5.9. De notaris heeft getracht zich op dusdanige wijze te uiten dat, zonder een boetepreek te houden, hij aan klagers de gevoelens van de overige erfgenamen en hemzelf over de gang van zaken kon overbrengen. Indien hij geweten had dat klaagster sub 2 zich aan zijn taalgebruik zou storen, dan zou hij een ander woord dan illegaal gebruikt hebben. Het ging de notaris er om dat hij niet op de hoogte was gesteld van de tweede taxatie en hij, indien hij wel op de hoogte was geweest, er op aangedrongen zou hebben dat de tweede taxatie in overleg met de overige erfgenamen plaats zou vinden.
5.10. De notaris beaamt dat in eerst instantie een lijst is uitgegaan zonder dat er een splitsing was gemaakt van uitgaven betreffende het landgoed [D] en de overige boedeluitgaven. De uitsplitsing is later gemaakt.
6. De beoordeling
6.1. Het onderzoek in hoger beroep heeft naar het oordeel van het hof niet geleid tot de vaststelling van andere feiten dan wel tot andere beschouwingen en gevolgtrekkingen dan die vervat in de beslissing van de kamer, waarmee het hof zich verenigt, behoudens dat, waar in de beslissing van de kamer "notaris [B]" staat, het hof "notaris [B]" leest.
6.2. Bovendien zal het hof de laatste alinea van de beoordeling van de kamer waarin staat:
"De kamer acht deze onvolkomenheden van onvoldoende gewicht om een maatregel op te leggen".
als volgt wijzigen:
"De kamer acht deze onvolkomenheden van onvoldoende gewicht om de klacht gegrond te verklaren".
6.3. Hetgeen partijen verder nog naar voren hebben gebracht, kan als in het voorgaande reeds behandeld, dan wel als thans niet ter zake dienend, buiten beschouwing blijven.
6.4. Het voorgaande leidt mitsdien tot de volgende beslissing.
7. De beslissing
Het hof:
- verwerpt het beroep.
Deze beslissing is gegeven door mrs. Schipper, Stille en Van Os in het openbaar uitgesproken op donderdag 8 januari 2004.

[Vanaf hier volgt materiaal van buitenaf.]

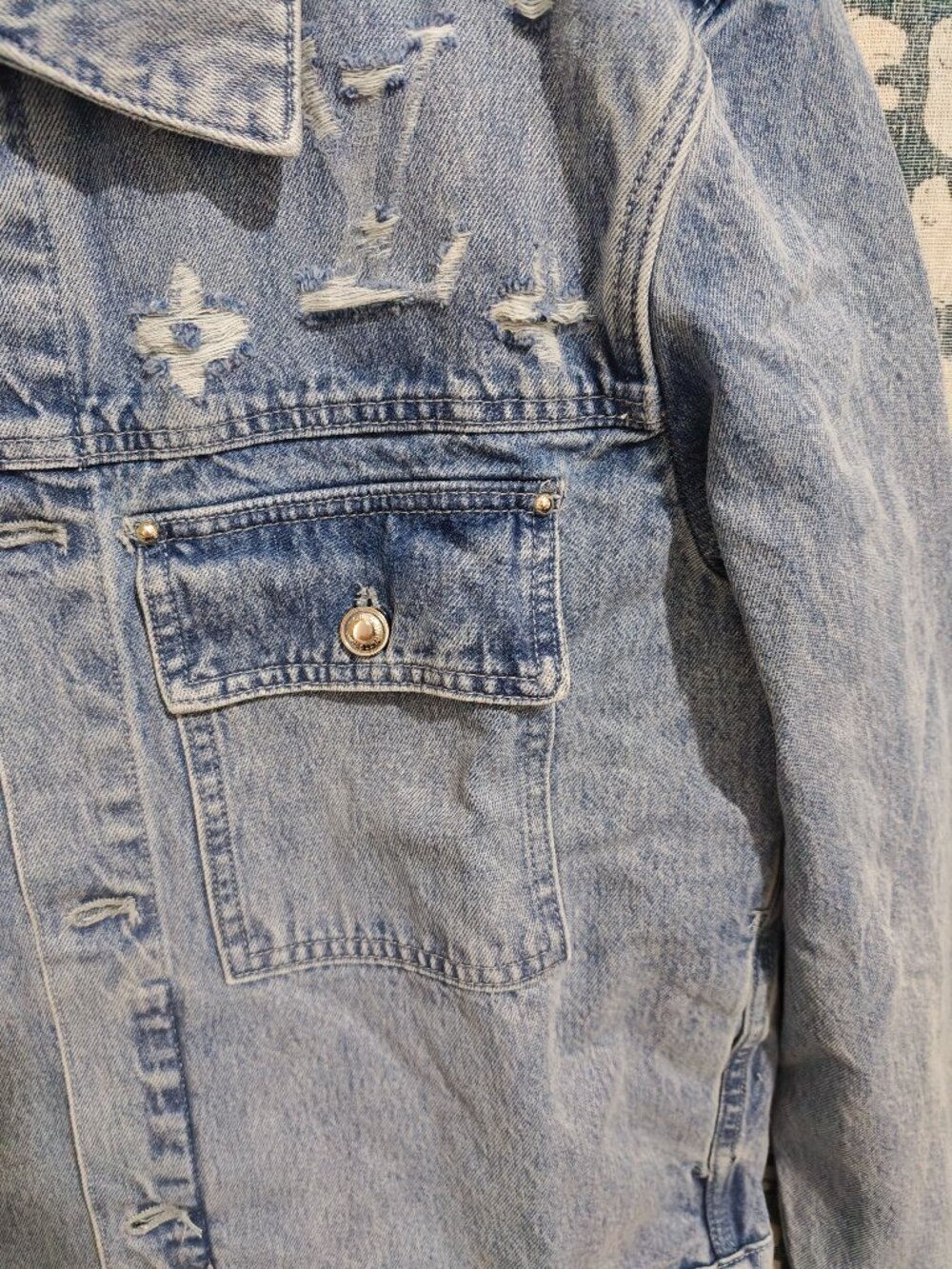 Louis Vuitton Light Blue Destroyed Monogram Denim Jacket Unisex - Picture 3 of 11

Kamer van toezicht over de notarissen en kandidaat-notarissen te Almelo
Kenmerk: 09/01 Wna
Uitspraak
in de klacht van
[K], wonende te [woonplaats] en
[K], wonende te [woonplaats],
klagers,
tegen
[N], notaris te [plaats], hierna te noemen: de notaris,
1. Verloop van de procedure.
De heer [K] heeft op 7 december 2001 mede namens zijn zuster mevrouw [K], klagers, een klacht met 13 bijlagen ingediend bij de kamer, gericht tegen notaris [N]. De notaris heeft zich tegen de klacht verweerd bij brief van 14 februari 2002. Vervolgens is door mevrouw [K] bij brief van
26 maart 2002 gerepliceerd en door de notaris bij brief van 1 mei 2002 gedupliceerd.
Openbare behandeling van de klacht heeft plaatsgevonden ter zitting van de kamer van 23 mei 2002, alwaar zowel de heer [K] als de notaris is verschenen. Mevrouw [K] is niet verschenen. De heer [K] heeft geen volmacht van zijn zuster bij zich, maar hij zegt wel materieel voor haar te spreken. In het navolgende zullen klagers ook wel de kleinkinderen worden genoemd.
2. Feiten.
Op 25 januari 2000 overlijdt mevrouw [E].
Uit het huwelijk tussen mevrouw [E] en de heer [E] zijn vier kinderen geboren, waaronder [E], vader van klagers. Aangezien vader [E] in 1980 was vooroverleden, werden klagers in zijn plaats erfgenamen in de onverdeelde boedel van de overleden mevrouw [E]. In haar testament d.d 26 januari 1999 benoemde mevrouw [E] tot uitvoerder van haar uiterste wilsbeschikking en vereffenaar van haar nalatenschap de familienotaris [N].
Mevrouw [E] liet aan de kleinkinderen (klagers) na een stuk grond te [plaats] en aan haar drie kinderen (hierna de kinderen te noemen) de aandelen van Landgoed [D]l B.V., dat met de verplichting een som geld gelijk aan de waarde van deze onroerende zaken aan de nalatenschap te voldoen. Verder liet zij na effecten en een inboedel.
In verband met eventuele verkoop van [D] is in gezamenlijk overleg een taxateur, [T], benoemd. Een der kinderen had belangstelling om [D] over te nemen. [T] heeft een taxatie uitgebracht en mevrouw [E] heeft spoedig daarna laten weten [D] tegen het getaxeerde bedrag te willen overnemen. Zij heeft de nodige maatregelen getroffen om de daarmee gemoeide financiering rond te maken.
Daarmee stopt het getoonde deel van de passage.